Re: [PATCH V2] Change ACPI IPMI support to "default y"

From: Matthew Garrett
Date: Thu Feb 20 2014 - 19:13:54 EST


On Thu, 2014-02-20 at 17:59 -0600, Russ Anderson wrote:
> On Thu, Feb 20, 2014 at 11:09:42PM +0000, Matthew Garrett wrote:
> > On Thu, 2014-02-20 at 16:45 -0600, Russ Anderson wrote:
> > >
> > > The ACPI spec requires IPMI functionality before a module loads at
> > > boot time? And the kernel is *broken* if it does not support ACIP IPMI
> > > functionality before module load time? Really?
> >
> > There's no mechanism to ensure that IPMI support will be loaded before
> > ACPI calls attempt to access IPMI operation regions. Really.
>
> And no mechanism can be added to ensure that ACPI call are
> not attempted before IPMI is initialized? A flag or lock
> or exported symbol indicating IPMI support is ready.

ACPI functions are a black box to drivers. You make an ACPI call, the
AML code does something. We could block there, but what's the driver
supposed to do at that point? The core could call out to a module
loader, but if the driver is built in and IPMI isn't then you'll end up
with a 60 second pause in boot and a driver that doesn't work.

> > > > ACPI 4.0 includes support for IPMI operation regions. Modular IPMI means
> > > > that the kernel will spend a significant amount of time (potentially
> > > > until a user manually loads a driver) failing to implement part of the
> > > > IPMI specification. That's a problem, and the correct fix is to ensure
> > > > that the kernel always implements IPMI support.
> > >
> > > The ACPI spec says ipmi_si cannot be a driver? Really?
> > > What is the real problem you are trying to solve?
> >
> > The most straightforward case is that of an ACPI power meter.
>
> So it is just a matter of making sure ipmi_si modules loads before
> the ACPI power meter module loads, right? module dependency issue.

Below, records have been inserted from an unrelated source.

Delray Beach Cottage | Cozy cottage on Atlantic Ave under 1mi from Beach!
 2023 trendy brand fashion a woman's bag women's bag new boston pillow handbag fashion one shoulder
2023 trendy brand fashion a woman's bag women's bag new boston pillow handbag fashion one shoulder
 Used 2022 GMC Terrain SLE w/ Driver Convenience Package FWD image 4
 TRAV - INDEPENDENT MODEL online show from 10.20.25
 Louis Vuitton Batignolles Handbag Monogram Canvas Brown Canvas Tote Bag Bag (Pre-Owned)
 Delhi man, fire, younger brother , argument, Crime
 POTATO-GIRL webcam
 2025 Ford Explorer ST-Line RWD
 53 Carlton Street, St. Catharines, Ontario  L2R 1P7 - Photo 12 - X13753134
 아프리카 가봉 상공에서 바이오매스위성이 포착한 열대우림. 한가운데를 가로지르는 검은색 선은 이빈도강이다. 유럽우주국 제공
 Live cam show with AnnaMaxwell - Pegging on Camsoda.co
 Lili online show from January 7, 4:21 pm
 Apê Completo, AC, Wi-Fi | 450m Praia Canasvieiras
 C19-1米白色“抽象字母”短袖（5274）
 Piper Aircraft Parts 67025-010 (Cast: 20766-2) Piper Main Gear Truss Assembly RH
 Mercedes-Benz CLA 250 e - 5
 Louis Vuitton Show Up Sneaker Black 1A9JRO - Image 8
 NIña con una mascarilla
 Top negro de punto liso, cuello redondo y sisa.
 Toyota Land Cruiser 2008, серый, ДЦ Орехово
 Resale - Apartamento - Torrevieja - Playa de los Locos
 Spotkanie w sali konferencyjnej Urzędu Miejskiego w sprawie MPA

No, because the power meter driver has no way of knowing that a vendor
has implemented this interface via IPMI. *Any* ACPI entry point could
theoretically reference IPMI code, even the _INI method that's called
during ACPI core init. If it does, and if you don't have built-in ACPI
support, you'd fail ACPI initialisation and things would go downhill
from there.

(I don't think failure of this magnitude is actually *likely*, but it
would be spec-compliant)

> > I've repeatedly asked for you to provide detailed descriptions of the
> > problems you've seen because I have a genuine interest in fixing them.
> > If you're just going to childishly refuse then this discussion is
> > pointless.
>
> The distro cases I would point you at are marked private.
> And you do not have access to our internal support system.
> A simple google search for "kipmi0" shows a lot of reports of
> high cpu utilization.

And nobody seems to have put any effort into figuring out what the
underlying cause is. Is it spinning because there are messages? If so,
is it because the BMC would really like some kind of response to those
messages? Is it spinning because the BMC is wedged? If so, can we detect
that case, flag it as broken and cleanly disengage?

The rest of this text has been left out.